Light, soup, bread: I had never realized how precious they were. For the rest of that school year, I blessed that timer and crock pot every night, prayed that their inventors had lived long and happy lives.  
What then, did this salvation-by-crock-pot teach me about home? about church?
First, I realized that I could not wait for someone else to make a home for me. When I was a child, my parents created a safe and delightful home. As a teenager and college student, I was shy, so my more outgoing friends usually initiated our friendships; planned our parties; called (sometimes carried!) me away from my books to supper or a spontaneous road trip.  For years I had been saying that my wholeness came from my life in Christ, and for the first time, I was testing the truth of that claim. If I was to be a person a hope, a person of peace, a person of love, I needed to find that personhood in God. If I wanted to invite people into a bright, welcoming home, I needed to realize that I had the power to make the lights shine. 
Second, I realized that one way the church (not just the local congregation, but all the saints) makes a home for me is by reminding me that I am already “at home” in Christ. My parents knew that I had electricity, a lamp, and light bulbs. They simply gave me a tool that helped me use what I already had.  Calvary Baptist Church rescued me from darkness by showing me that I was already at home in Christ;  by affirming my decision to become a teacher and a scholar; by saying, “We see Christ’s love working in you. Would you use this love to serve the church in such-and-such a way?” 
My crock pot and my timer reminded me that my nook was beautiful, and that I had something to offer others.

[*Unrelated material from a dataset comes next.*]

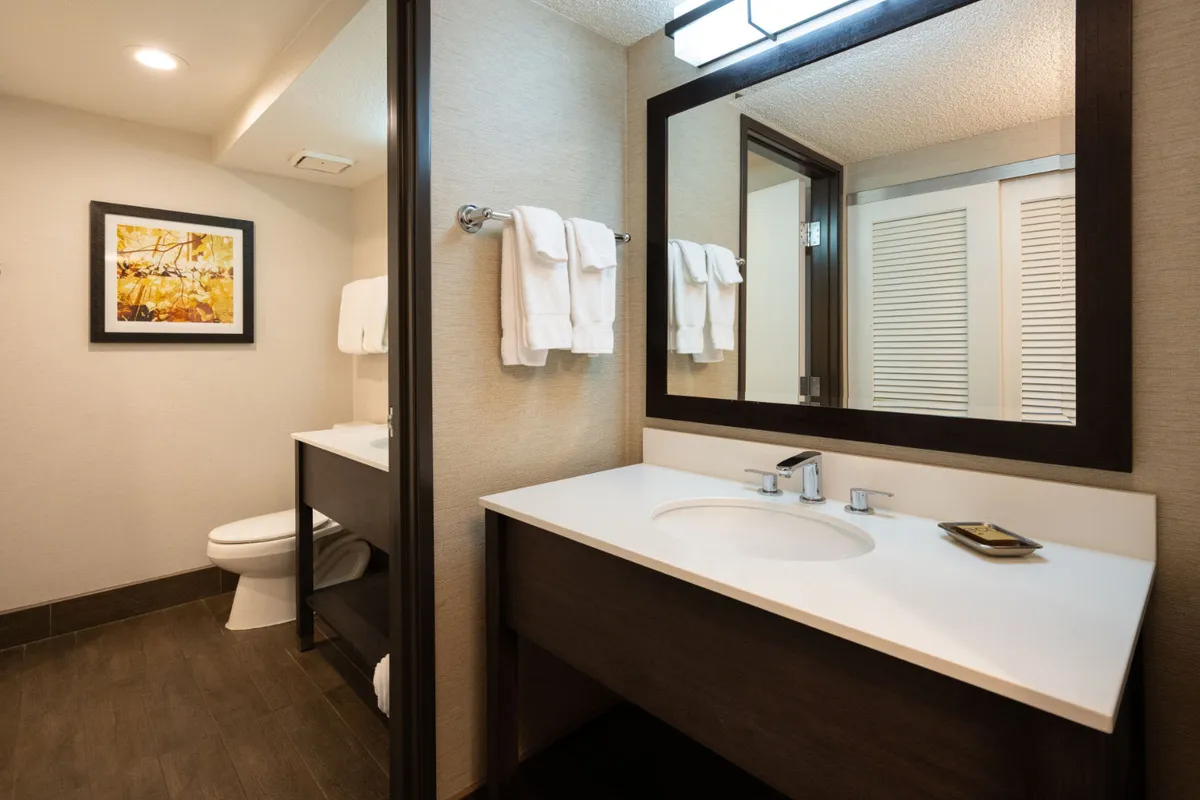 This interior image highlights a tastefully designed bathroom vanity area, featuring a modern sink, large mirror, contemporary wall art, and neatly arranged plush towels. The overall feeling is one of calm and spa-like relaxation, with soft lighting and thoughtful details that evoke the comforts of a high-end retreat.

My church reminded me that my wholeness was in Christ, and that until I recognized that truth, I would never feel at home in any church or calling.  

Now I want to hear from you.  If you have ever lived alone, what were some practical things you did to feel “at home” in that place? Have you ever been a part of a church that recognized and named the good things in your life?  Have you ever been part of a church that has made you feel incomplete? 


                                              My nook, lamp-lit.